Loss of Experience, Loss of Talent
Yet, the loss lamented most by newsroom executives is one far harder to quantify—the draining away of institutional memory—as older, and often more expensive, journalists are encouraged to leave through structured buyouts.
In interviews, editors said those leaving generally are among the most experienced and the most talented. As many of these veteran reporters go, they take with them the knowledge of their beat and their community, a deep loyalty to core journalistic values, and expertise so important to understanding stories. When an experienced editor leaves, the editing process weakens—and with it, a degree of the paper’s collective wisdom and judgment.
In survey responses, the loss of talent and experience was ranked as the number one concern when editors were asked to volunteer what has hurt their newsrooms the most. Fully 41% of editors surveyed offered comments that fell into this category. That was closely followed by the more general loss of staff overall (37%). Next, as a distant third, came less space (6%).
“When you have to let go someone who has been in a job for 5, 10 or 20 years, you lose something that cannot be recouped by the people who are left behind in the newsroom,” commented one editor, who counted the passing of institutional knowledge as the newsroom’s biggest loss.
Occasionally, the sheer pace of change sweeping through the industry has taken a toll in confidence levels and such fundamentals as the clarity about the role of the journalist.
When asked to cite the newsroom loss that hurt the most, one editor answered simply, “The concept of who and what we are.”
Added another, there is a “loss of stability—none in this business can predict with confidence where change is taking us.”

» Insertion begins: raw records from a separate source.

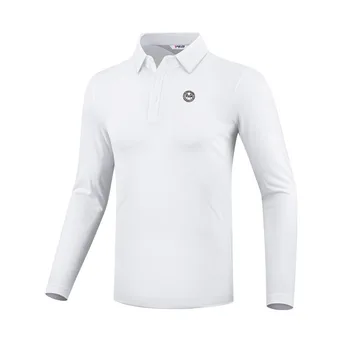 PGM Nauji golfo drabužiai Vyriški marškinėliai ilgomis rankovėmis Žieminiai polo marškinėliai Golfas Vyriški drabužiai Golfo reikmenys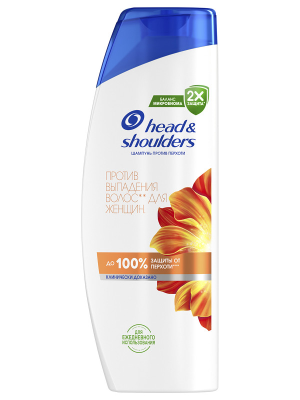 Шампунь для волос Против выпадения волос для женщин, Head and Shoulders, 400 мл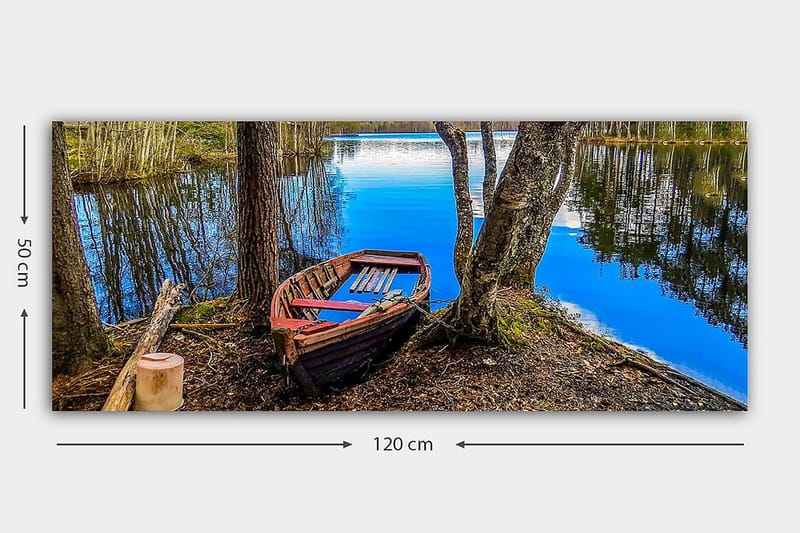 Canvastavla YTY Landscape & Nature Flerfärgad - 120x50 cm - Inredning - Tavlor & posters - Canvastavla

The bottom line culturally is this: In today’s newspapers, stories tend to be gathered faster and under greater pressure by a smaller, less experienced staff of reporters, then are passed more quickly through fewer, less experienced, editing hands on their way to publication. Some editors—but far from a majority of those interviewed—said they could see the costs.

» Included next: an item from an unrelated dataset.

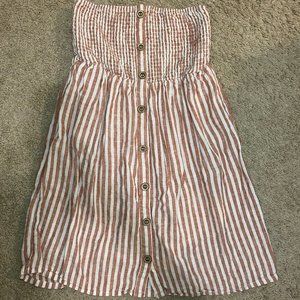 Small Garage Strapless Mini Dress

“I read the stories (in my own paper) today and I see more holes, questions I want answered that are not,” lamented the editor of a large metropolitan newspaper. “I see more stories…that aren’t as well sourced as I’d prefer.”
What Skills Are Being Gained
The loss of institutional memory, and the erosion of the ranks of skilled editors and photographers, is part of a generational shift toward a more modern newsroom with more versatile, more tech-savvy reporters armed with new skills, higher production rates and an ability to multi-task.
By far the sharpest newsroom increases recorded in our survey were for the two web-related jobs measured: videographers and web-only editors. Fully 63% of editors surveyed had increased the amount of “editorial power” in videography. Another 57% said they had increased the resources devoted to “web-only editing.” And in hiring new staff, 90% of editors surveyed said they considered multi-media skills “very” or “somewhat essential” for the job.
Today, reporters who once carried with them little more than a pencil, a notebook and their newspaper’s first edition deadline time, are taking on new responsibilities at a dizzying pace. Anders Gyllenhaal, Executive Editor of the Miami Herald (circulation: 240,000) listed six distinct venues for which Herald newsroom staffers were expected to provide content: the print newspaper, the paper’s website (miamiherald.com), an entertainment/leisure time site launched recently by the paper (miami.com), the local PBS station for which the Herald provides news content, a web-linked television operation owned by the paper and the Herald’s instant news service, packages of brief news stories sent to Internet subscribers during the course of the day.
These tasks, together with new blood and the competitive juices stoked by a faster pace and constant deadline pressure, appear to have re-focused newsrooms. Asked to cite the newsroom change that most contributed to their ability to be competitive, editors used words like “urgency,” “excitement,” and “new enthusiasm” in describing a newly energized staff.
“New young reporters and editors who bring new skills and outlooks to those who have been here a long time,” responded one editor.
“(The) change in mindset and culture on the part of reporters and editors,” added another. “Our staff has a keen understanding of the need to out-report and out-hustle our competitors.”
Almost without exception, these gains are tied to the place where America’s newspapers, amid wrenching cutbacks, are trying to build anew: the Worldwide Web.